This summer we published Force of Nature—a Collection of Art & Stories Celebrating Fearless Women. Within its pages is a beautiful poster created by Portland-based fine artist, illustrator and author Lisa Congdon. She recently chatted with us about the outdoors and the next steps for diversity and inclusion.
But first, a bit about Lisa.
Being an artist wasn’t her first career. She started off working in public education, first as an elementary school teacher and then through a non-profit.
It was about 20 years ago that she began creating art. “Basically, I got bored at my job. I was unhappy and thought, what makes me want to get out of bed in the morning?” She wanted something positive to focus on, so she started making art at her kitchen table. “Executing your ideas is the hardest part! In the beginning, I was creating pretty bad things,” she tells us laughing and referenced a quote from Ira Glass that speaks to how nobody tells those who do creative work that when they are beginners their work won’t be good. But by going through a volume of work, the gap will close and one’s work will be as good as their ambitions—and that’s exactly what Lisa did. She kept drawing and painting and creating. Around this time the internet started becoming a medium. She began sharing her work on Flickr (think back before Instagram) and started a blog. Through this she met a community of artists online, and discovered that people wanted to buy her work.
A few years after, at the age of 39, she quit her job and became a full-time artist. Since then, she’s authored seven books and worked on projects with clients like MoMa, Martha Stewart Collections and REI—she designed a Force of Nature T-shirt in 2017.
What’s your favorite outdoor space?
It’s funny because I live in the Pacific Northwest now and I love the landscape here, but my favorite outdoor space is the desert. When I was about 35 I went on a road trip by myself through the desert of the southwest—California, Arizona, parts of New Mexico—and it was life-changing. I love the barren landscape of the desert. Because my artwork is so colorful, I think people might expect a different answer from me. But I love the desert plants, rock formations and sunsets. They are all so much more visible when you don’t have tons of trees in front of you. I love Joshua Tree, Sedona, Moab, Utah. Places like that are so incredible to me.
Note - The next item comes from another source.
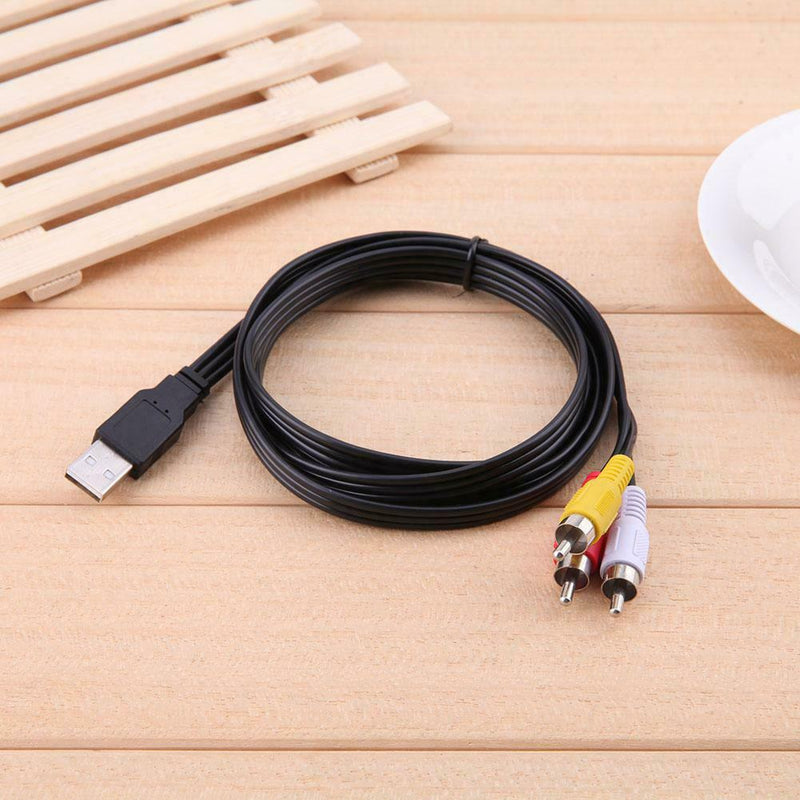 New 1.5M 5ft USB Male A to 3 RCA AV A/V TV Adapter Cord Cable Audio AV Cabl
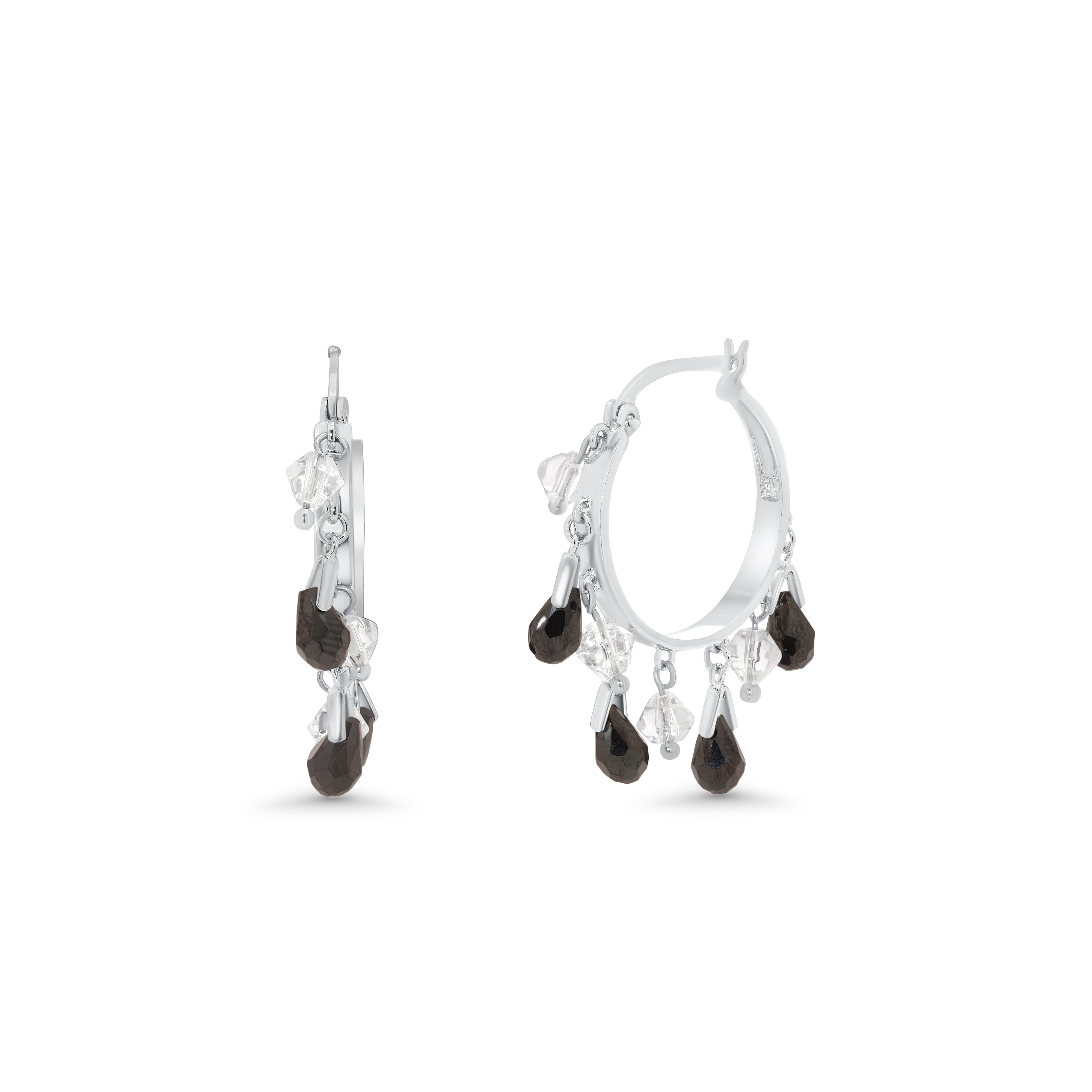 Clearance-Silver 925 Rhodium Plated Clear Black Teardrop Chandelier Dangling Earrings - BGE00020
Why do you believe Force of Nature is important in and out of the outdoor industry?
I think it really wasn’t until the 1970s that girls—and in this case white upper-middle-class girls—were encouraged to engage in outdoor sports and recreation. We were the ones who had access to it. I was a kid in the '70s and was part of that first wave. By the time I was 13 I was backpacking with groups of boys and typically I was the only girl. I think for me, this notion of myself as a powerful person came from those experiences, and not much from other parts of my life. Those experiences of being outdoors and hiking and being tired and getting up the next day and doing it all over again were really important for my development and sense of being in my body. And I think that’s why it’s important—because being outside and interacting with the elements makes girls feel strong. And we need strong girls in this world.
Can you speak to why you think representation plays such a big part in this conversation?
Having outdoor experiences and feeling powerful in nature has traditionally been a very white experience. Partly that’s cultural, but partly it’s also because those outdoor spaces were for white people and people who had vacation time and privilege. And that is changing, it has to change. We need to show every kind of person outdoors doing outdoor things. People of color, fat people, trans people and disabled people—the outdoors is for everyone. Let’s make it for everyone. And that means folks need to see themselves there.
What do you think the next steps are for women’s empowerment and inclusion?
The conversation has only begun, and that conversation is making a lot of people uncomfortable because it’s not just patting ourselves on the back for how far we’ve come. It’s also about how the status quo is no longer acceptable. I think we need to talk about the role of race and privilege. I think women of color and trans women need to take up space, not just outdoors but everywhere. That makes white women uncomfortable, and I think we could all stand to sit more with our discomfort at not being in the center. I think we need to listen, and not get defensive. I think we need to continue to support women and gender non-binary folks to speak truth against power. And I think we need to create new power structures in which white men are not at the center making and enforcing all the arbitrary rules that do not make sense for us.
Anything else you want to leave us with?
I am so glad REI is asking these questions. Bravo.